Book Review – 30 Years of Mobile Phones in the UK

While I got my first mobile phone at the end of the 1990’s, mobile devices and networks have been around for a bit longer than that. In their book ‘30 Years of Mobile Phones in the UK‘, Nigel Linge and Andy Sutton take a look at the developments over the past 30 years. An interesting title and I obviously couldn’t resist to pick up a copy.

The book gives you exactly what the title says, a wonderful overview of the development of mobile phones from the first heavy bricks for phone calls and receiving text messages to the universal smartphones for Internet access we use today. In addition, the book tells the story of how cellular networks in the UK developed and evolved over that timeframe. It’s great to see the pictures of devices made over the past 30 years and I have fond memories of many of them as I owned them myself.

While the overall story is concise and accurate as far as I can tell, there are unfortunately no references to get further background information on topics I would have liked to investigate further. Based on other technology history books I’ve read in the past I was hoping to find inside stories and personal accounts of players in the field.
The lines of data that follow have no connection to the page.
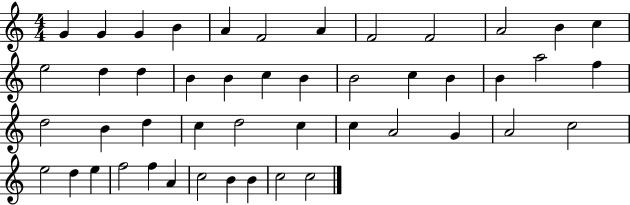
X:1
T:Untitled
M:4/4
L:1/4
K:C
G G G B A F2 A F2 F2 A2 B c e2 d d B B c B B2 c B B a2 f d2 B d c d2 c c A2 G A2 c2 e2 d e f2 f A c2 B B c2 c2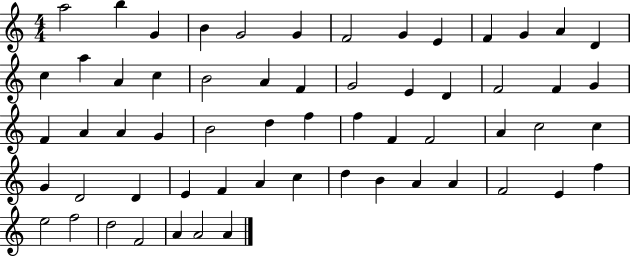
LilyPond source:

{
  \clef treble
  \numericTimeSignature
  \time 4/4
  \key c \major
  a''2 b''4 g'4 | b'4 g'2 g'4 | f'2 g'4 e'4 | f'4 g'4 a'4 d'4 | \break c''4 a''4 a'4 c''4 | b'2 a'4 f'4 | g'2 e'4 d'4 | f'2 f'4 g'4 | \break f'4 a'4 a'4 g'4 | b'2 d''4 f''4 | f''4 f'4 f'2 | a'4 c''2 c''4 | \break g'4 d'2 d'4 | e'4 f'4 a'4 c''4 | d''4 b'4 a'4 a'4 | f'2 e'4 f''4 | \break e''2 f''2 | d''2 f'2 | a'4 a'2 a'4 | \bar "|."
}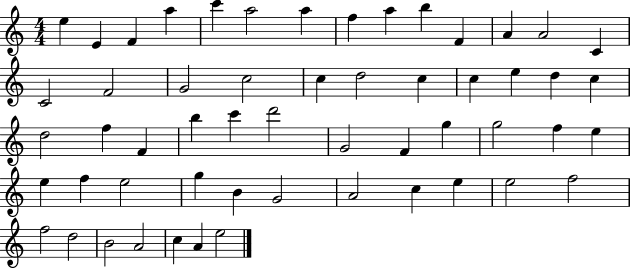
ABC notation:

X:1
T:Untitled
M:4/4
L:1/4
K:C
e E F a c' a2 a f a b F A A2 C C2 F2 G2 c2 c d2 c c e d c d2 f F b c' d'2 G2 F g g2 f e e f e2 g B G2 A2 c e e2 f2 f2 d2 B2 A2 c A e2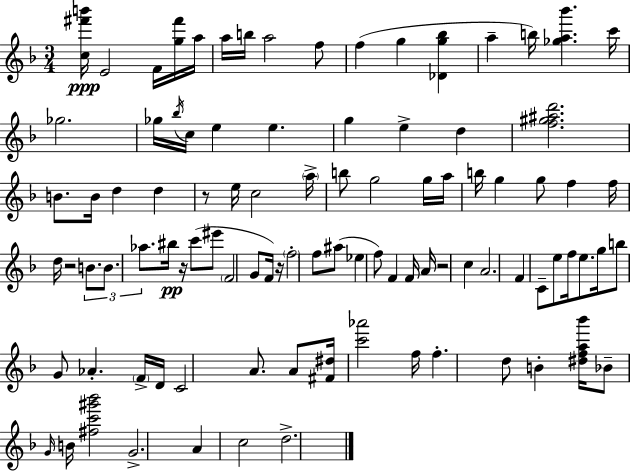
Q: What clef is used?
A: treble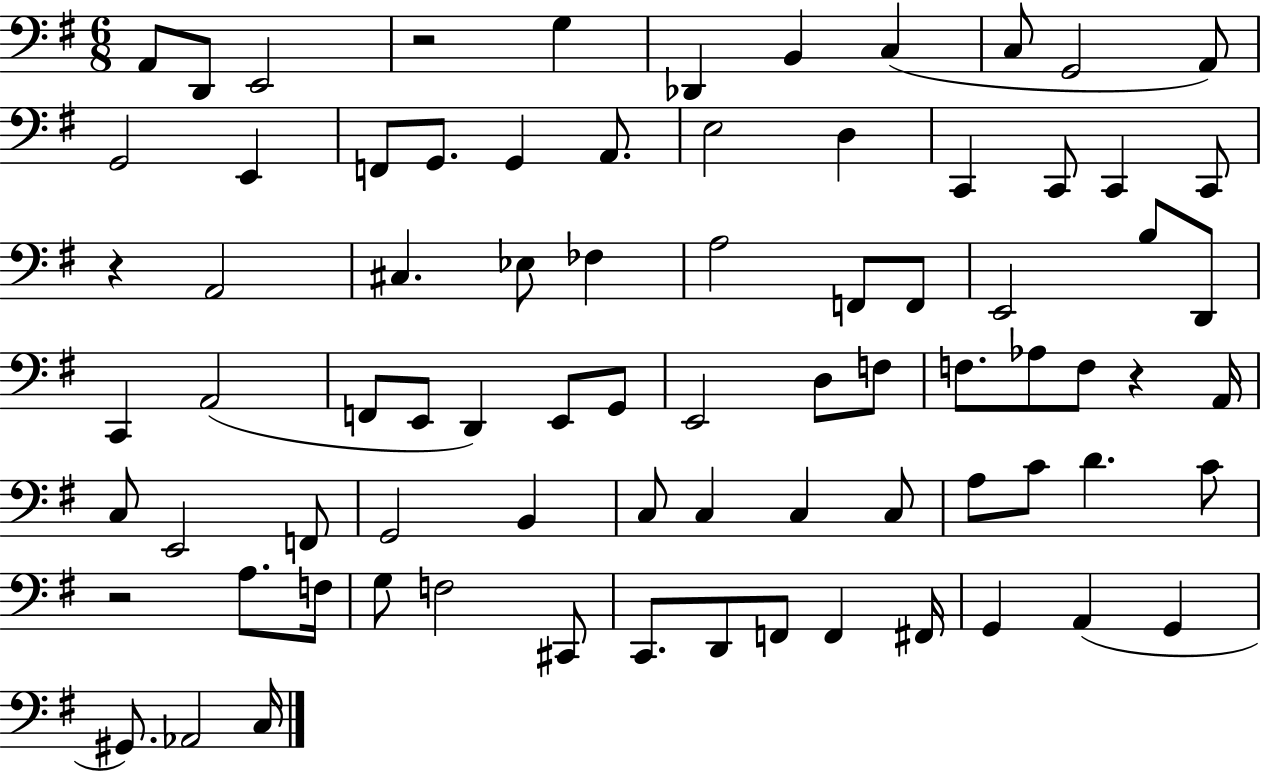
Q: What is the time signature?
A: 6/8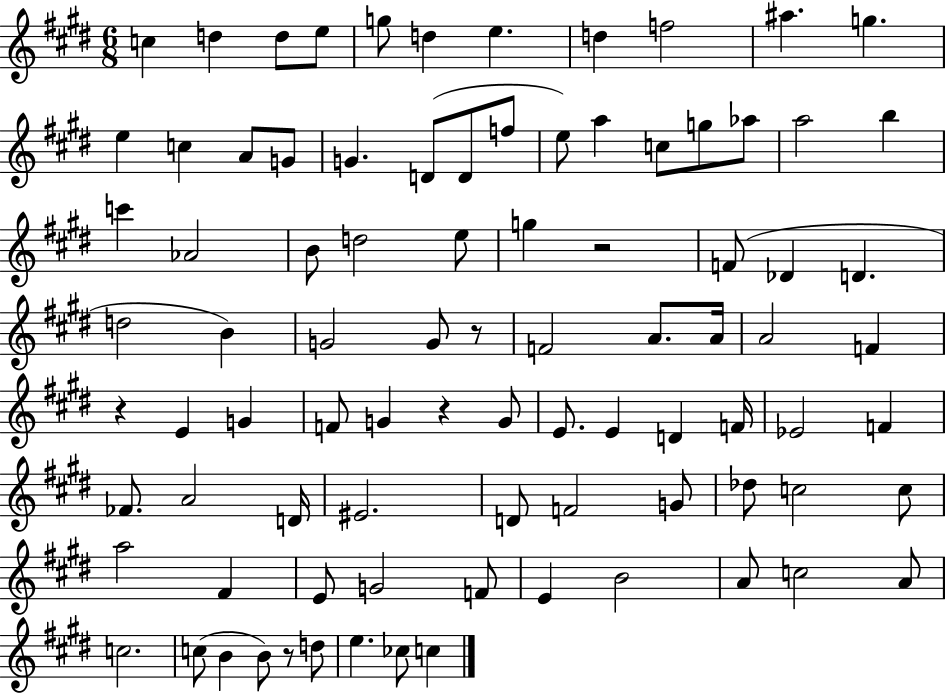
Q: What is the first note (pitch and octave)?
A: C5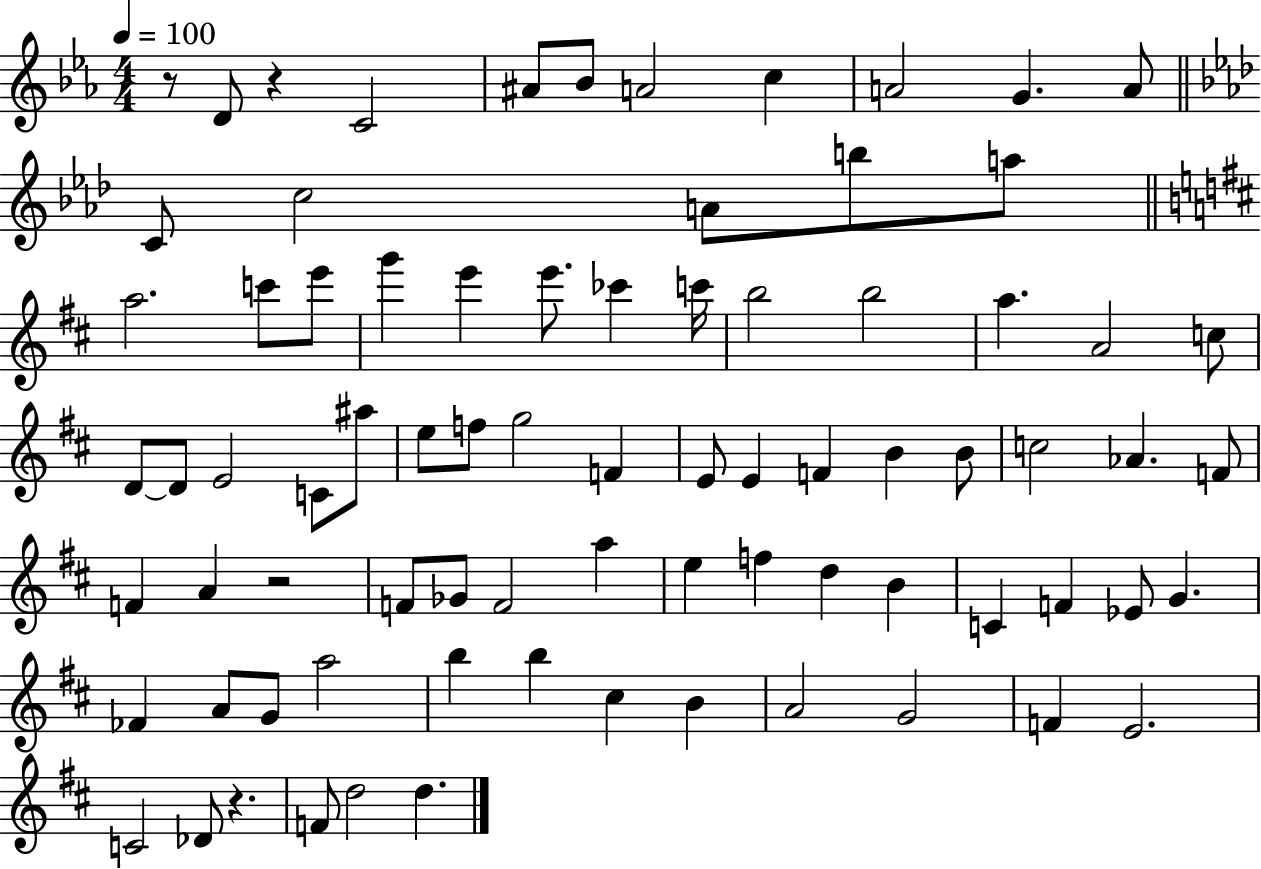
R/e D4/e R/q C4/h A#4/e Bb4/e A4/h C5/q A4/h G4/q. A4/e C4/e C5/h A4/e B5/e A5/e A5/h. C6/e E6/e G6/q E6/q E6/e. CES6/q C6/s B5/h B5/h A5/q. A4/h C5/e D4/e D4/e E4/h C4/e A#5/e E5/e F5/e G5/h F4/q E4/e E4/q F4/q B4/q B4/e C5/h Ab4/q. F4/e F4/q A4/q R/h F4/e Gb4/e F4/h A5/q E5/q F5/q D5/q B4/q C4/q F4/q Eb4/e G4/q. FES4/q A4/e G4/e A5/h B5/q B5/q C#5/q B4/q A4/h G4/h F4/q E4/h. C4/h Db4/e R/q. F4/e D5/h D5/q.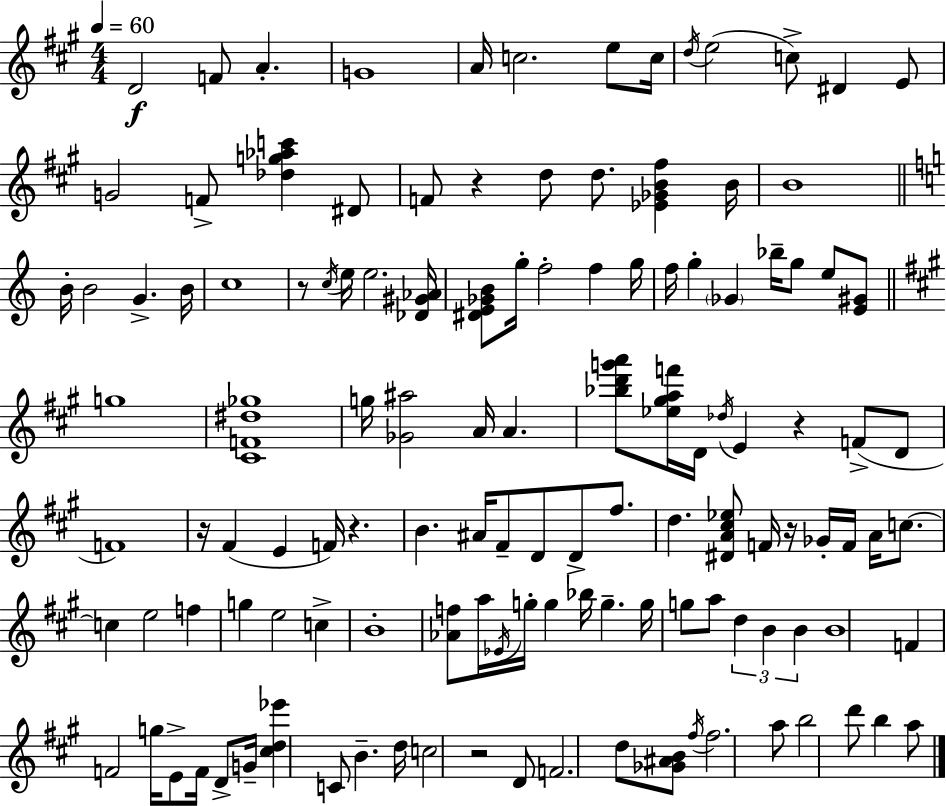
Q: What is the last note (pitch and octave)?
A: A5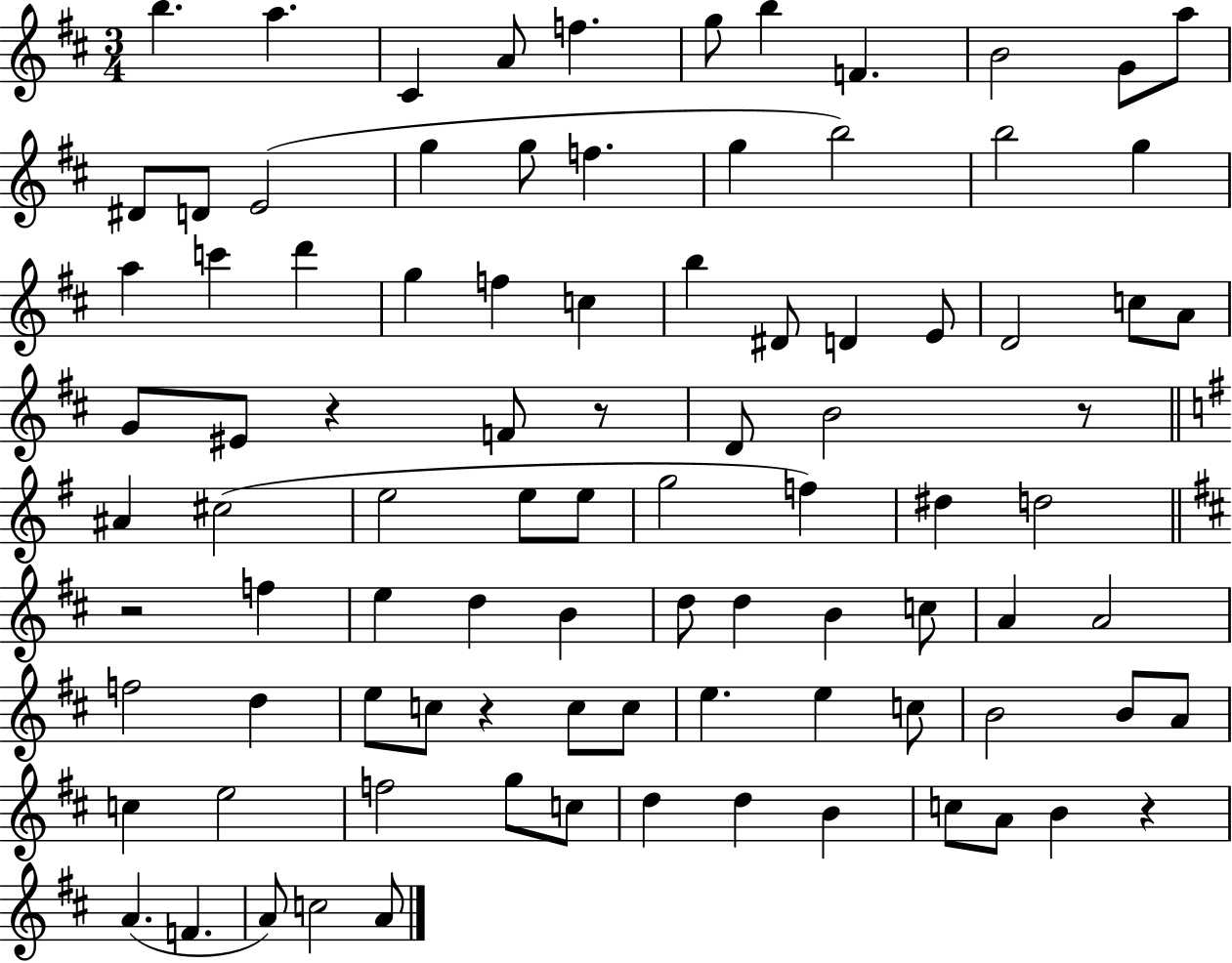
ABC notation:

X:1
T:Untitled
M:3/4
L:1/4
K:D
b a ^C A/2 f g/2 b F B2 G/2 a/2 ^D/2 D/2 E2 g g/2 f g b2 b2 g a c' d' g f c b ^D/2 D E/2 D2 c/2 A/2 G/2 ^E/2 z F/2 z/2 D/2 B2 z/2 ^A ^c2 e2 e/2 e/2 g2 f ^d d2 z2 f e d B d/2 d B c/2 A A2 f2 d e/2 c/2 z c/2 c/2 e e c/2 B2 B/2 A/2 c e2 f2 g/2 c/2 d d B c/2 A/2 B z A F A/2 c2 A/2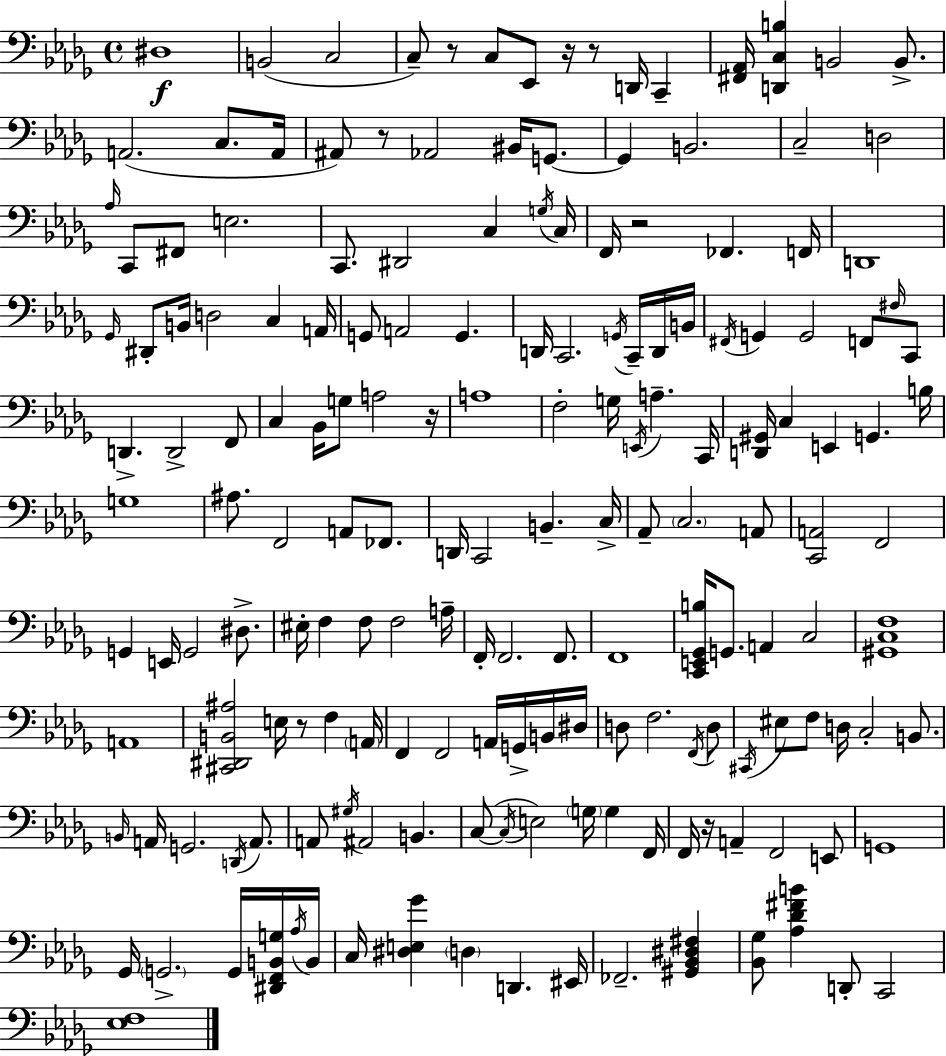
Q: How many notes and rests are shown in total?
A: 174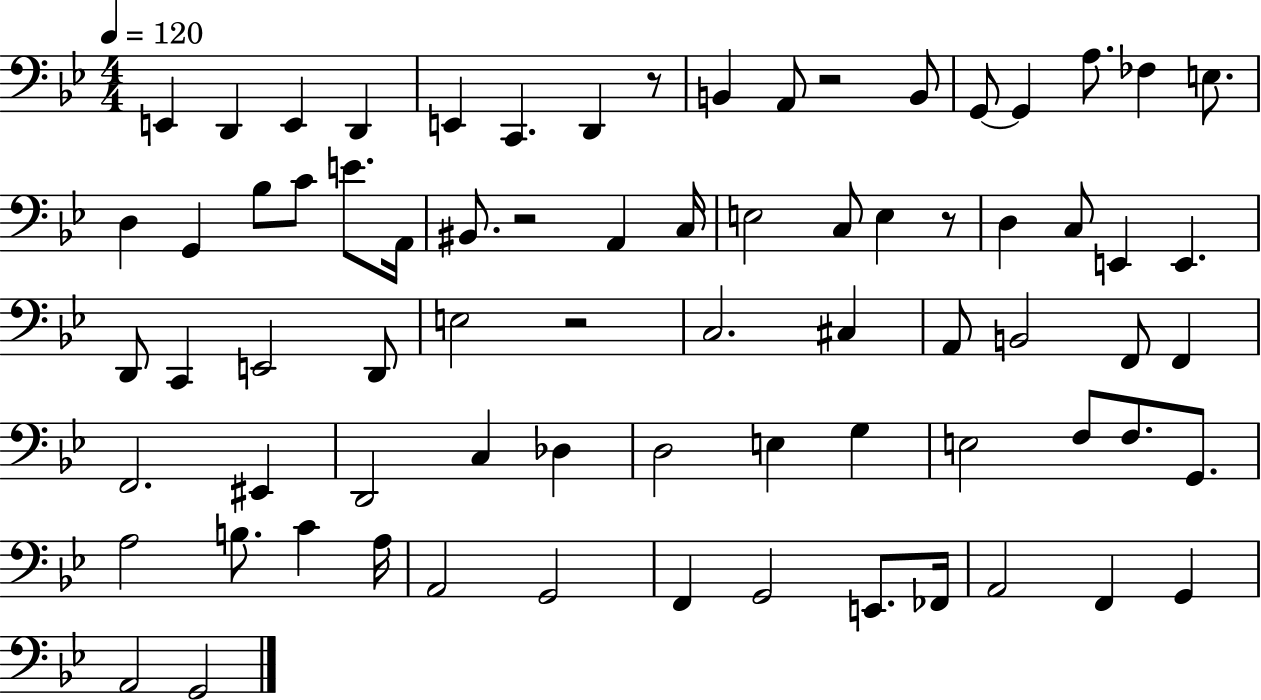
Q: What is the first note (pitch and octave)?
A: E2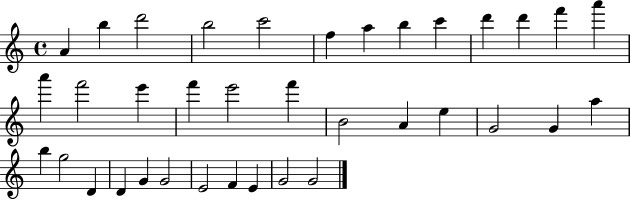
{
  \clef treble
  \time 4/4
  \defaultTimeSignature
  \key c \major
  a'4 b''4 d'''2 | b''2 c'''2 | f''4 a''4 b''4 c'''4 | d'''4 d'''4 f'''4 a'''4 | \break a'''4 f'''2 e'''4 | f'''4 e'''2 f'''4 | b'2 a'4 e''4 | g'2 g'4 a''4 | \break b''4 g''2 d'4 | d'4 g'4 g'2 | e'2 f'4 e'4 | g'2 g'2 | \break \bar "|."
}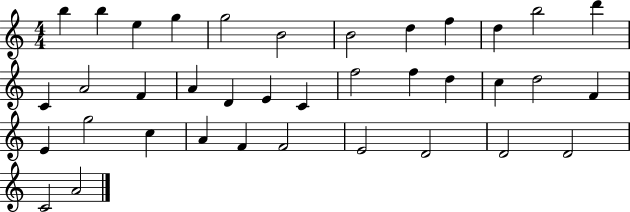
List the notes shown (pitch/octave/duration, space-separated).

The book, however, rather focuses on pure facts and takes an outside view on developments which made it a bit difficult for me to get excited and remain engaged as I read along.

So for those of you who would like to get more insight stories I’d rather recommend books such as ‘GSM and UMTS – The Creation of Global Mobile Communications’, ‘Die D2 Story’ (in German), ‘Short Message – The Creation of Personal Global Text Messaging‘, ‘The Political History of GSM – inside the mobile revolution‘ by Stephen Temple or the ‘History of Ericsson‘ website that has many great articles with lots of background information on the development in the mobile sector over the past decades.